脱落者
見間違いかと思うほどの弱弱しいものだったが、確かに見た。
今までは小唄薫の光が強く、目に入らなかったが、光が弱まった今、目を凝らさなくても見える。
「目測で200メートル!何か光るものを発見!あそこまで走るぞ!」
ハイドはまだ痙攣している首なし死体を担ぐと、周りで呆けていた面子に発破をかけた。重荷になろうがまだ灯りとしての役割を果たせる以上、死体だろうが使える限り使う。
「門構弟は姉の肩貸せ!灰鴉は二人を守れ!ヤク中は俺の横に来い!灯りが切れる前にあそこに行くぞ!」
「あいよ!」
「う~ん・・・おねえちゃんを任せていいかな~?僕もう動けないや~・・・」
間延びした声でギブアップを告げる門構弟。
「こんな時に何を・・・!?・・・アンタ・・・」
ケツを蹴り上げても動かそうと思っていた灰鴉は門構弟の方を見て、息をのんだ。
先の襲撃でやられていたのは小唄薫だけではなかった。暗くて見えなかっただけで門構弟の腹にはこぶし大の穴が何か所も空けられ、無残な姿をさらしていた。足を見るともう闇に食われ始めており、その場から動こうとも動けないようだ。

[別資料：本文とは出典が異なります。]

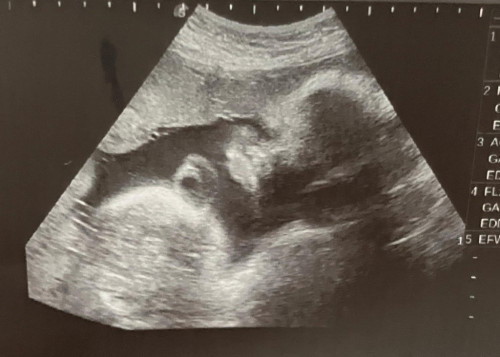36+6 weeks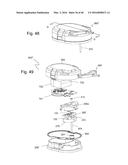 Subcutaneous sensor inserter and method diagram and image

「おねえちゃん狙ってたみたいで~どうにか割り込んだけど~・・・ゲホッ・・・やられちゃった~・・・」
じわじわと闇に食われ、致命傷を負っているにもかかわらず、いつも通りの門構弟を見据える。手でシッシッと先へと促す姿に灰鴉は何も言わずに門構姉の襟首を掴み持ち上げる。門構姉は既に元の人間態に戻っていたため運ぶのも容易だ。
「会えたらまた会おうね~・・・」
門構弟の別れの言葉に姉は運ばれながらもサムズダウンで返す。一行が先に行く姿を見てその場にポスリと座り込む。
「あ~あ・・・また『第十二界』行きか~・・・でも、闇に食われたらしばらくはゆっくり出来るかな~?」
すぐに座っているのも怠く感じた彼は砂地に寝ころぶ。足だけでなく全身に闇が覆いかぶさるように侵食し始めた。
「ま、僕が完全に食われるまで~あっちから気を引くぐらいはしてあげようかな~」
寝ころびながらも自身の体力や魔力を絞り出し、様々な猿を呼び出した。
手にシンバルを持つ猿。サイリウムを持つ猿。体に電飾を巻き付けた猿。胸板がドラムになっている猿。etc.etc。とにかく大量に目立つ猿たちを呼び出す。
「さいごにどんちゃん騒ご~。反省とか後悔するのもめんどくさいしね~」
「ウッキー!」シャンシャン♪「ウッホホホー!」ドン!ドン!「ホギャー!」ドンチャン!スチャラカ!
盛大に一行を後押しする門構弟。闇に包まれた世界に似合わない愉快な音が響き渡っていた。